For years, many people, including former New Hampshire Sen. John Sununu and even some big insurers, have been pushing for federal regulation of the industry, saying that the current state-run system doesn't give domestic companies enough leverage in the global market. It also requires any innovation to go through 50 very slow and separate regulatory approvals.

But the current bill won't alter that. What it will do is set up another office in the already office-rich town of Washington D.C.
State regulators, who are joined together in the National Association of Insurance Commissioners (NAIC), have fought against federal regulation of their turf for years. Lately they have proven to be remarkably effective in getting everything they want, so effective that they have even endorsed the toothless Federal Insurance Office.

And why shouldn't they? As the National Underwriter reports, the bill contains specific language which does not grant supervisory or regulatory authority to this insurance office and specifically prohibits it from pre-empting state insurance laws.

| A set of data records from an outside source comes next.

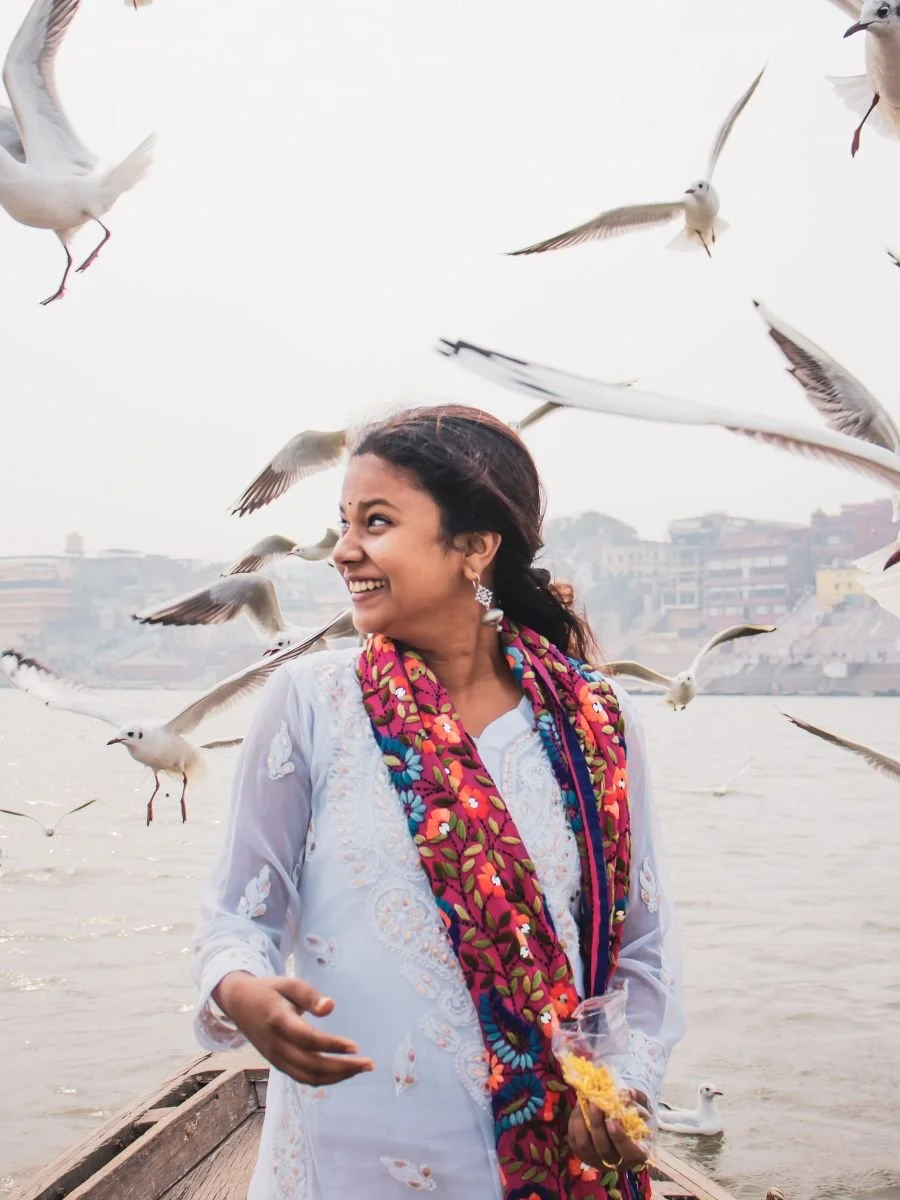Woman standing on a dock with seagulls flying around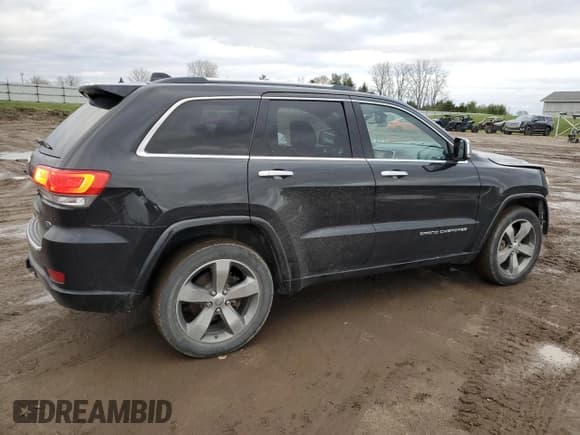 ✅ 2015 Jeep Grand Cherokee Overland • VIN: 1C4RJFCM4FC706109 • Lot: 81279744. Listed on Copart with 160,295 mi. Free auction sales archive from the USA and detailed vehicle history report at DreamBid. Image 3.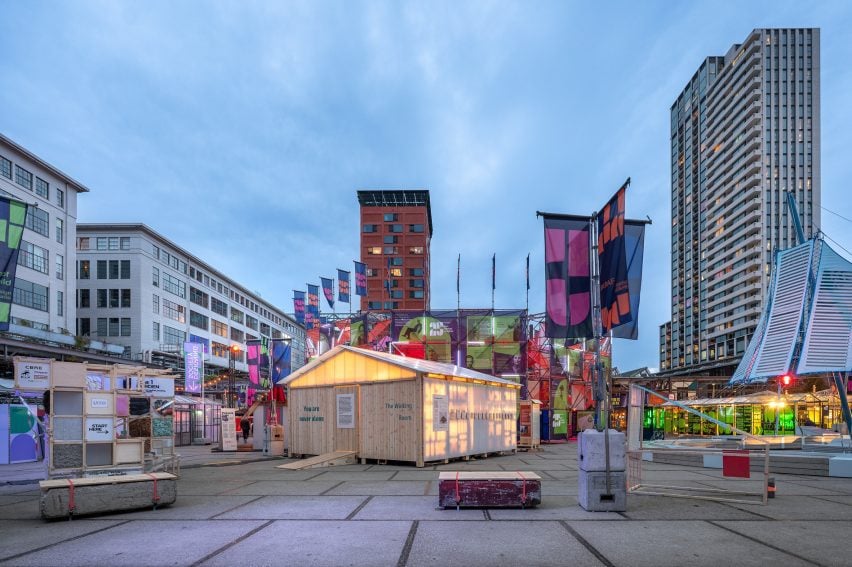 Photo of the Waiting Room pavilion lit up from within at dusk at Dutch Design Week 2025, surrounded by colourful flags and installations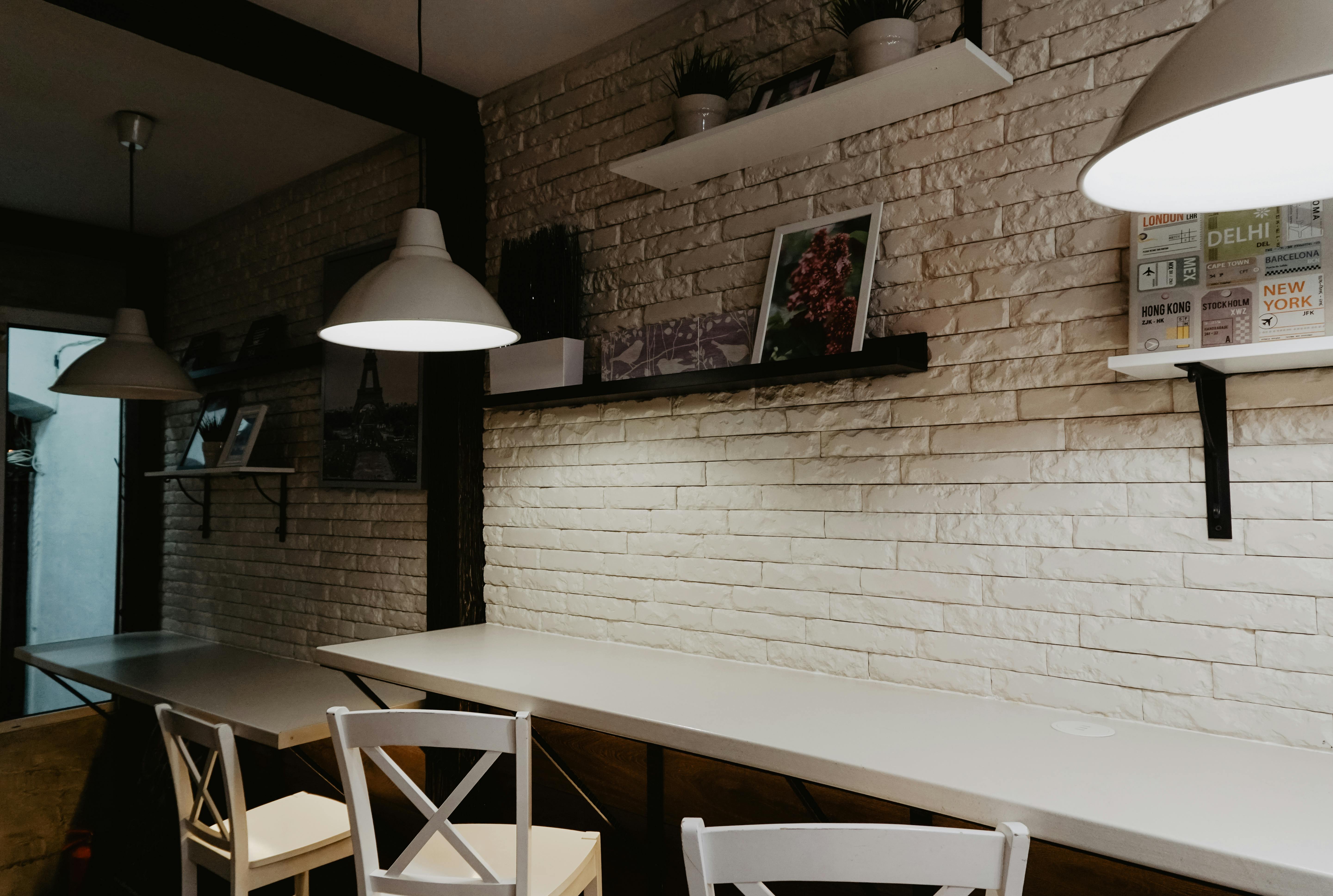Free Cozy cafe interior featuring modern design with hanging lamps and decorative shelves on a brick wall. Stock Photo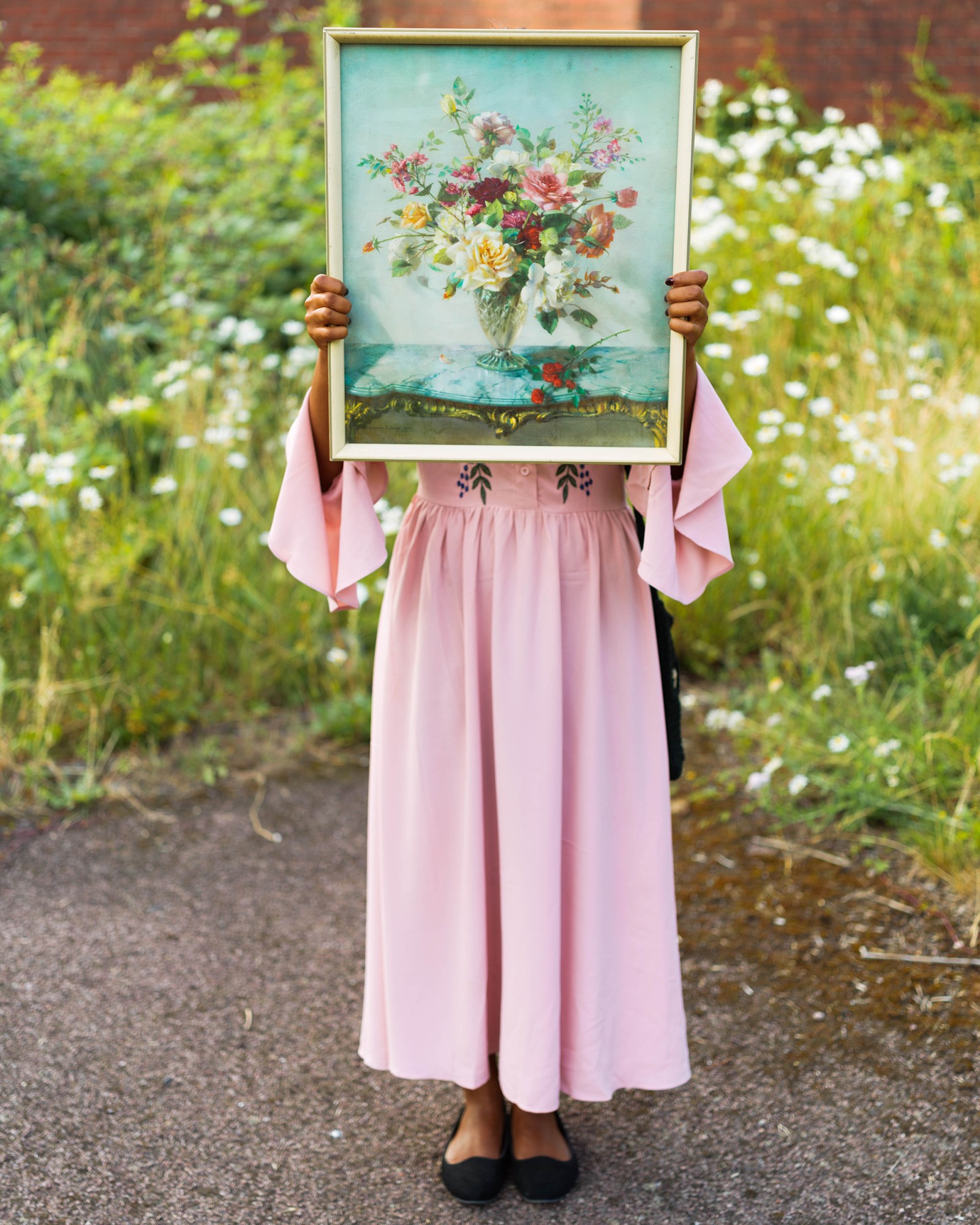 a young woman holding a painting of flowers in front of a field of flowers while wearing a pink dress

So what can this office do? It can request data from an insurer, but only after it checks with state regulators and the NAIC to make sure that the required information is not already publicly available. This is the bureaucratic equivalent of the child's game "Mother, May I."

The rationale for the Federal Insurance Office is to prevent "gaps" in regulation - the kind that allowed American International Group to get in over its head in credit default swaps. But AIG's problems had nothing to do with insurance, as the NAIC will happily tell you. AIG was regulated by the incompetent governing body that oversees savings and loans.

Perhaps Congress could create an insurance "czar" to go along with the more than 30 already in existence. After all it's "czar" for the course.